**Task goal:** Repeat word for word the lines starting at the one with "this 1270×952 image." and ending at the final line of the material, both ends included; omit pictures.
----------
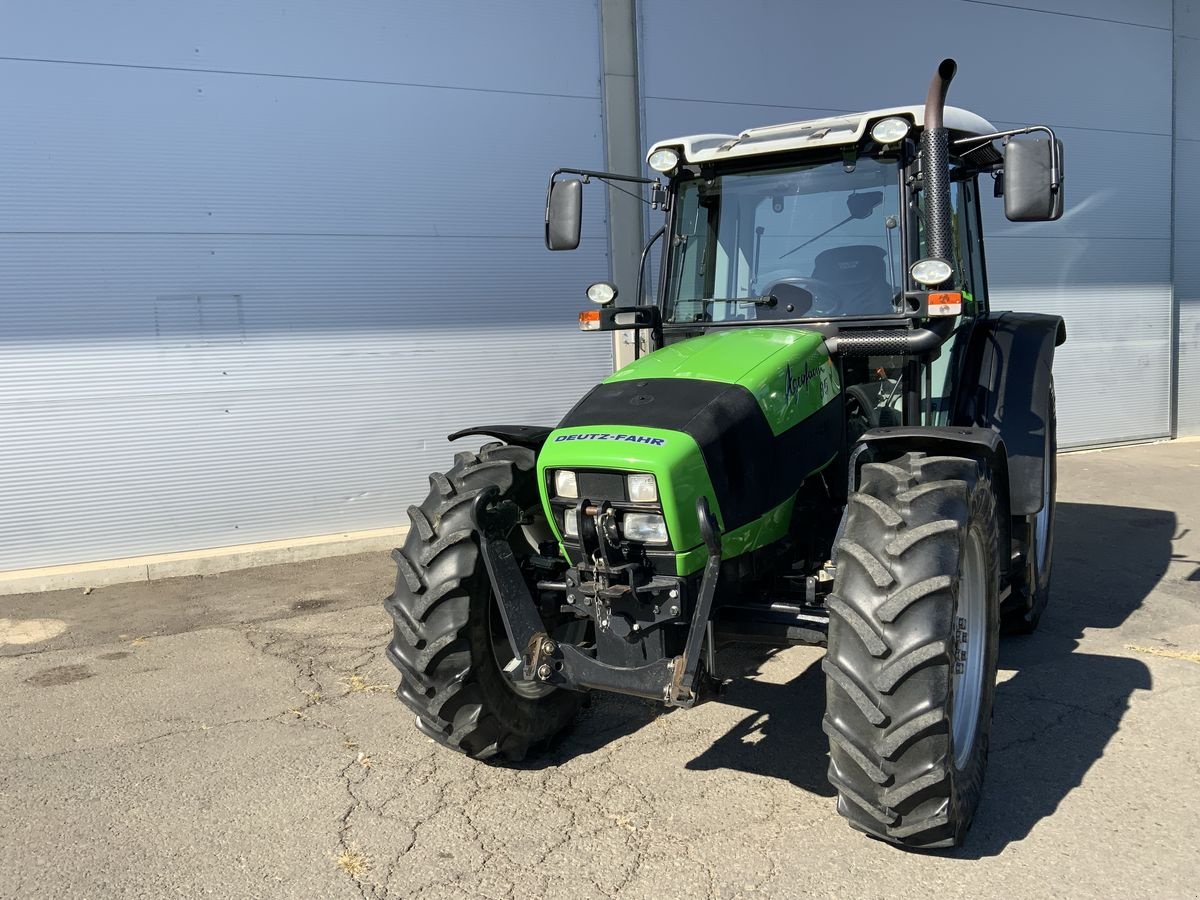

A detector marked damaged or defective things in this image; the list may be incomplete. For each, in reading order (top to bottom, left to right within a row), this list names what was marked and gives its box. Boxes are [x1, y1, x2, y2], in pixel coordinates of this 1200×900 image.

cracked asphalt [2, 441, 1200, 897]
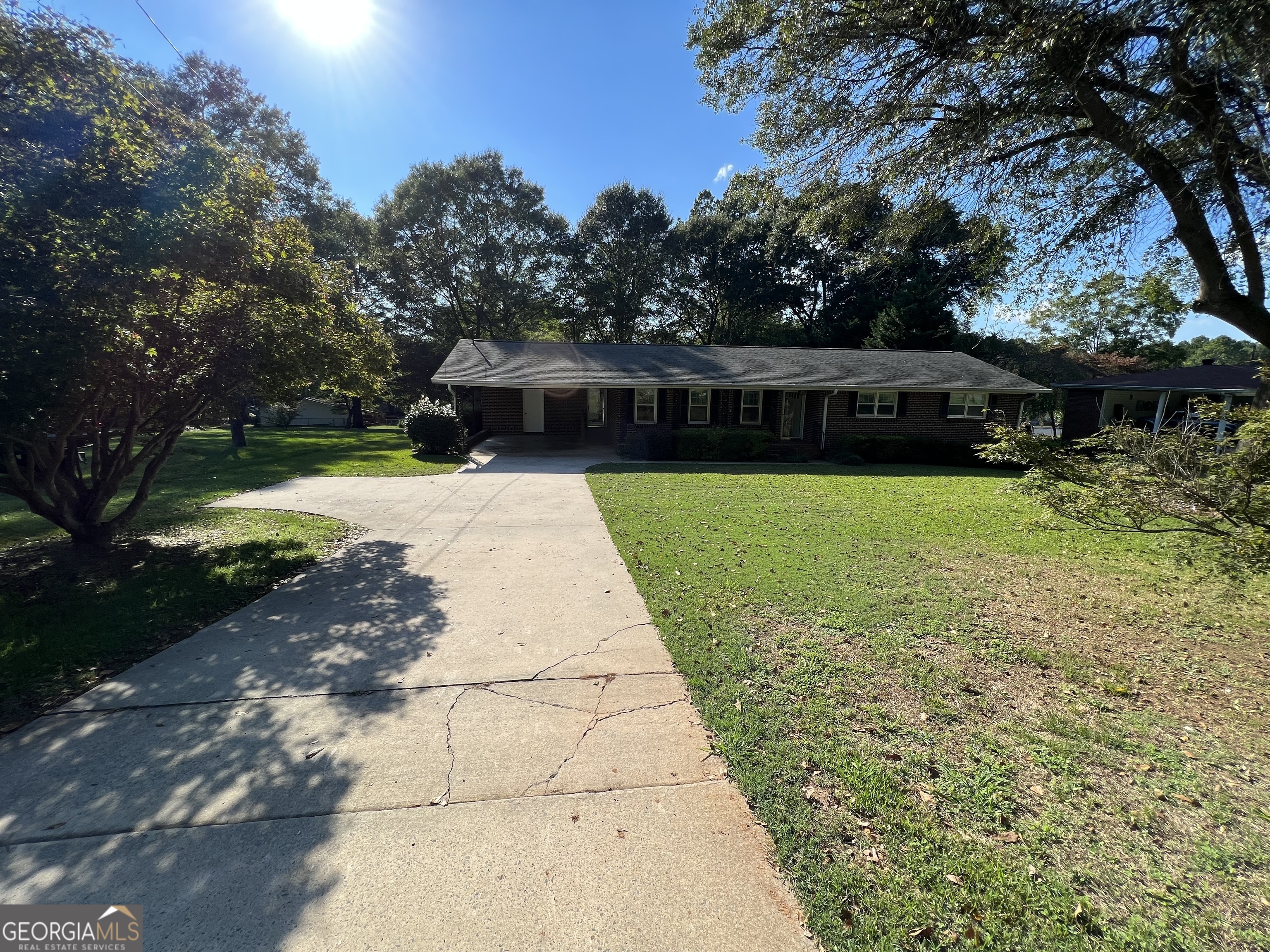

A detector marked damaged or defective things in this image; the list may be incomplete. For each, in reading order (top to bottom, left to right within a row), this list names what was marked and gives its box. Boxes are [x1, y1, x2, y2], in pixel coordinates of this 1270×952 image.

cracked concrete driveway [2, 439, 813, 952]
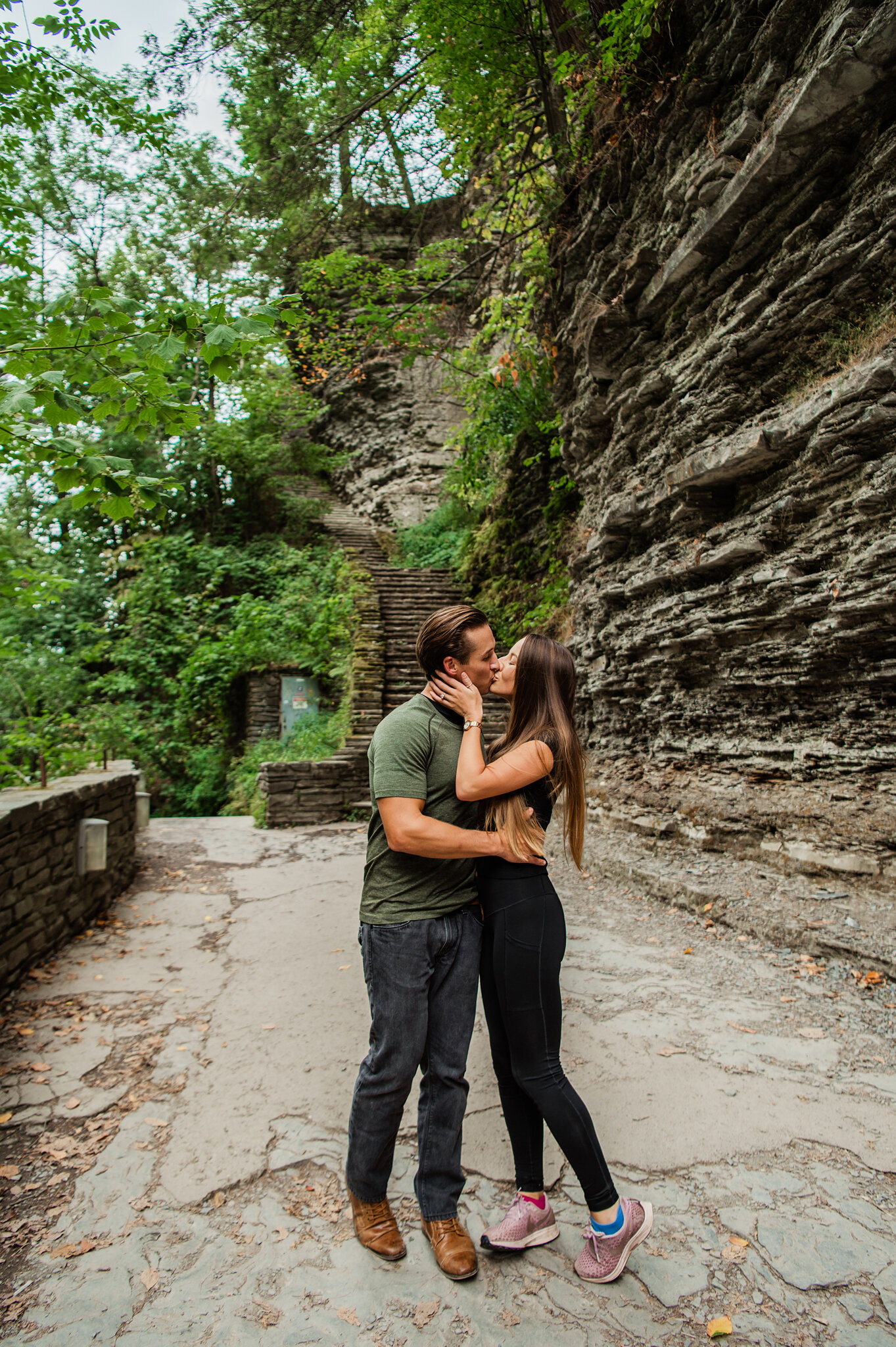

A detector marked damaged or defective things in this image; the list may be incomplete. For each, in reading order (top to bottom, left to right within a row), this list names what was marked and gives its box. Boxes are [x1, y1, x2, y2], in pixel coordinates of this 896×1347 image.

cracked pavement [1, 813, 893, 1341]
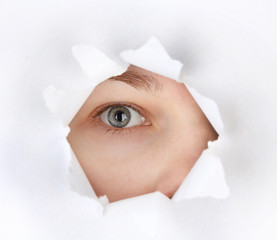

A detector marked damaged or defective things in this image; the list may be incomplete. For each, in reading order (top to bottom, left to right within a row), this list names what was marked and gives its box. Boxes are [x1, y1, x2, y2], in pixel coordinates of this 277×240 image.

torn paper hole [43, 35, 229, 206]
paper tear [43, 36, 229, 206]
----------
**The answer:**
A detector marked damaged or defective things in this image; the list may be incomplete. For each, in reading order (top to bottom, left to right within a row), this list names what was marked and gives its box. Boxes are [x1, y1, x2, y2], in pixel coordinates of this 1270×952 image.

cracked concrete driveway [2, 439, 813, 952]

A detector marked damaged or defective things in this image; the list may be incomplete. For each, in reading order (top to bottom, left to right within a row), this list names what was marked and gives its box. Boxes are [x1, y1, x2, y2], in pixel coordinates of this 896×1347 image.

cracked pavement [1, 813, 893, 1341]

A detector marked damaged or defective things in this image; the list may be incomplete. For each, in reading order (top to bottom, left to right within a row), this list names what was marked and gives its box. Boxes are [x1, y1, x2, y2], in pixel coordinates of this 277×240 image.

torn paper hole [43, 35, 229, 206]
paper tear [43, 36, 229, 206]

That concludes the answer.